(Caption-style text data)
┄┄┄┄┄┄
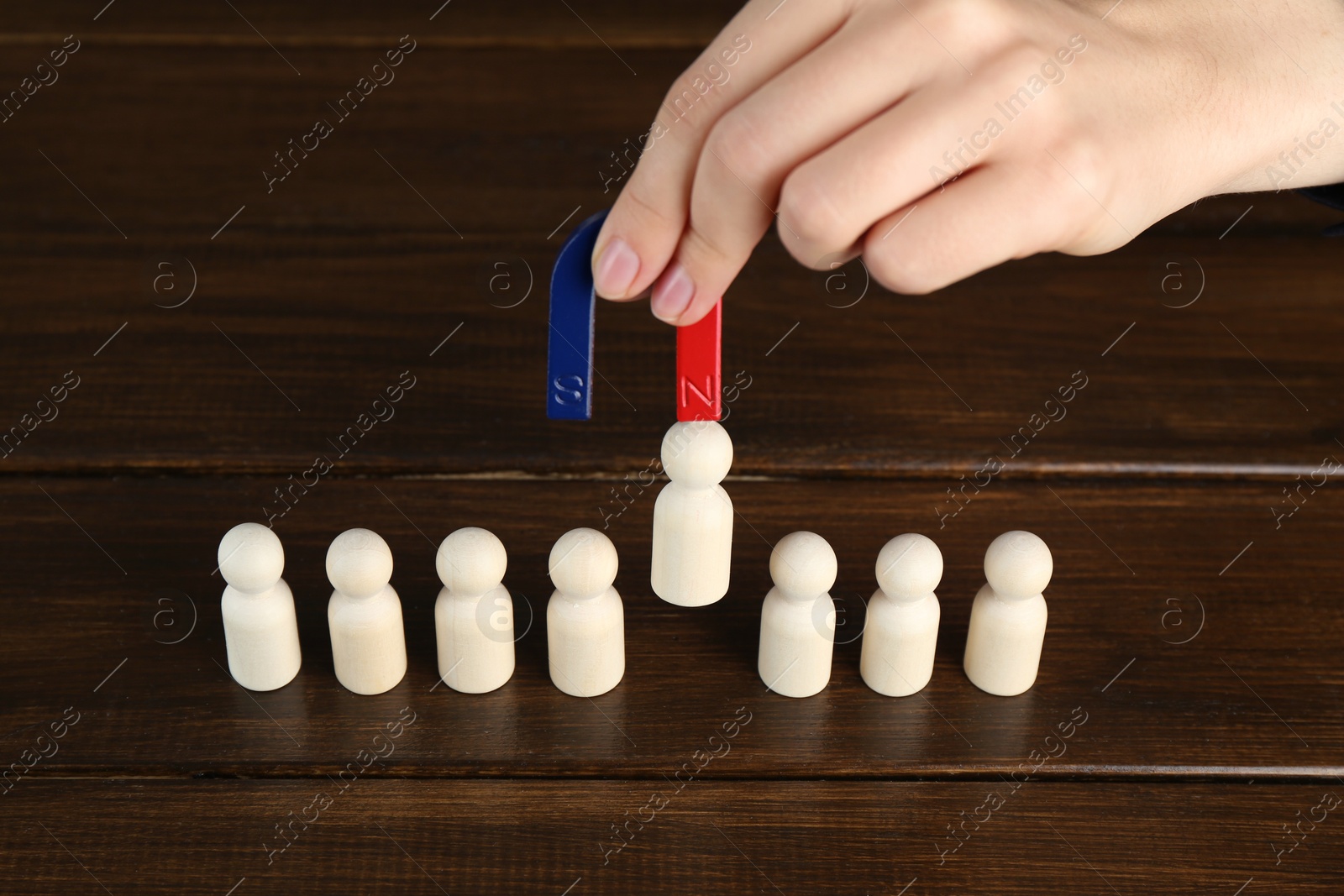 Photo of Woman with magnet attracting piece among wooden ones at table, closeup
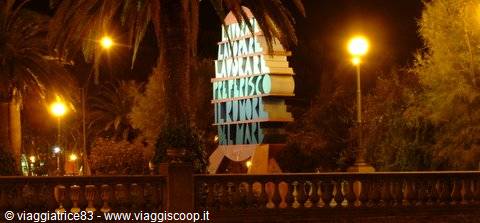 Book-shaped monument lit up at night among palm trees and street lamps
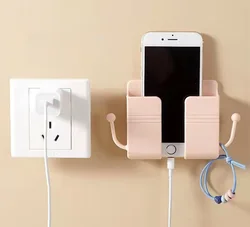 1Pc White Punch Free Wall Mount Phone Plug Holder Mobile Phone Charging Stand Air Conditioner TV Remote Control Storage Box
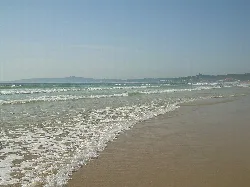 View of Lanzada Beach with waves and golden sand.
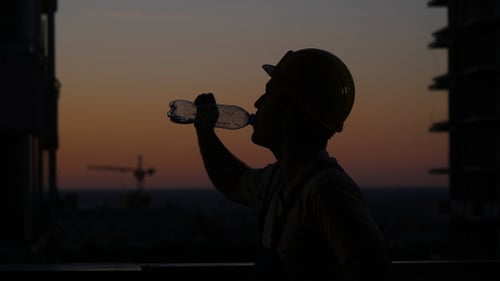 Constructor bebiendo de la botella.
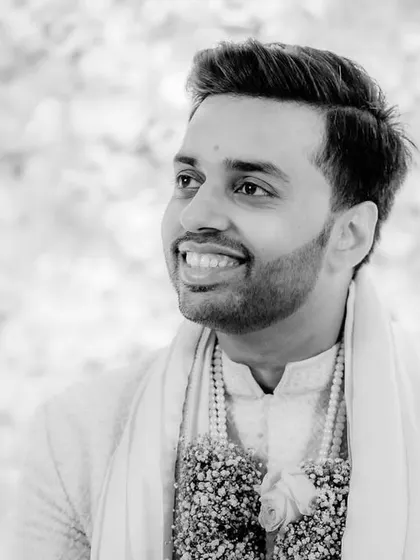 A happy, candid portrait of the groom in black and white. His genuine smile shows his excitement and joy during the wedding ceremony.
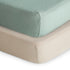 Close-up of two neatly stacked mattresses topped with mushie Extra Soft Muslin Crib Sheets in Roman Green and Fog—perfectly smooth, fitted, and breathable for your baby’s crib. Comes as a 2-pack.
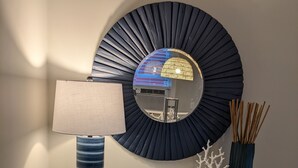 Une console blanche, ornée d’une lampe, d’un miroir décoratif et d’un vase contenant des roseaux.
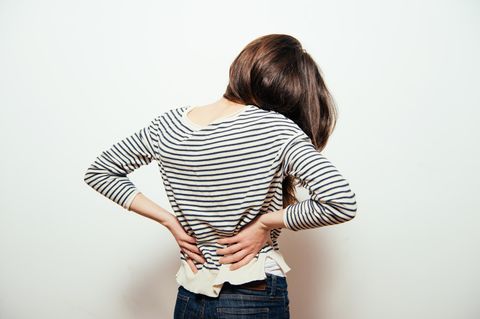 Rückenschmerzen-Ursachen: Frau hält sich den Rücken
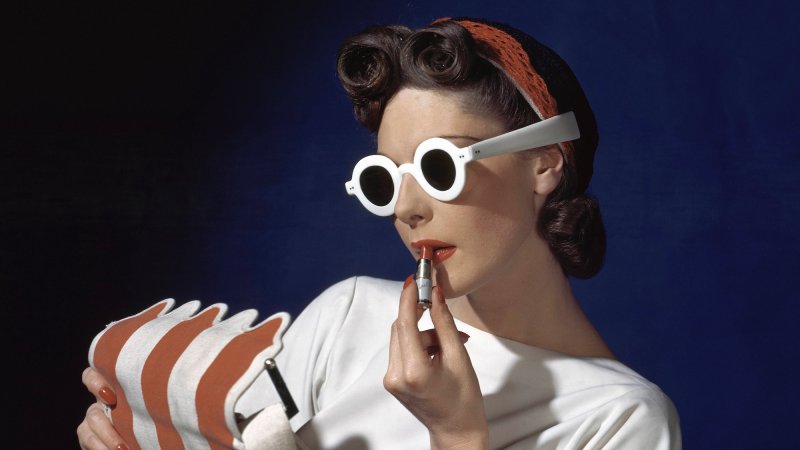 Model Muriel Maxwell in white sunglasses putting on lipstick, wearing red-white-and-blue turban, andv holding a red-and-white striped bag *** Local Caption ***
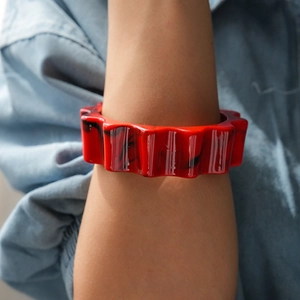 Dettaglio di un bracciale in acrilico rosso a bordi ondulati con trama marmorea
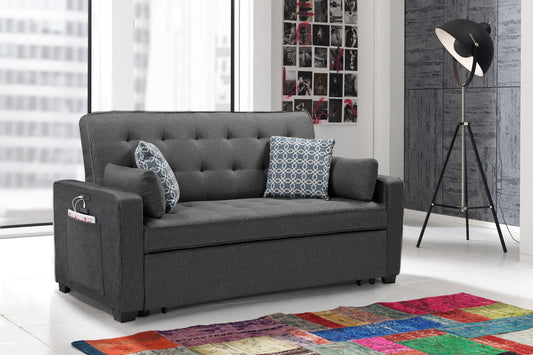 Dark grey tufted sofa with patterned pillows and side pocket for storage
┄┄┄┄┄┄
Problem details: Provide the lines again, unchanged, from where the data above begins through the line containing "Close-up of two", both ends included, omitting pictures and adding nothing.

Answer to this problem:
 Photo of Woman with magnet attracting piece among wooden ones at table, closeup
 Book-shaped monument lit up at night among palm trees and street lamps
 1Pc White Punch Free Wall Mount Phone Plug Holder Mobile Phone Charging Stand Air Conditioner TV Remote Control Storage Box
 View of Lanzada Beach with waves and golden sand.
 Constructor bebiendo de la botella.
 A happy, candid portrait of the groom in black and white. His genuine smile shows his excitement and joy during the wedding ceremony.
 Close-up of two neatly stacked mattresses topped with mushie Extra Soft Muslin Crib Sheets in Roman Green and Fog—perfectly smooth, fitted, and breathable for your baby’s crib. Comes as a 2-pack.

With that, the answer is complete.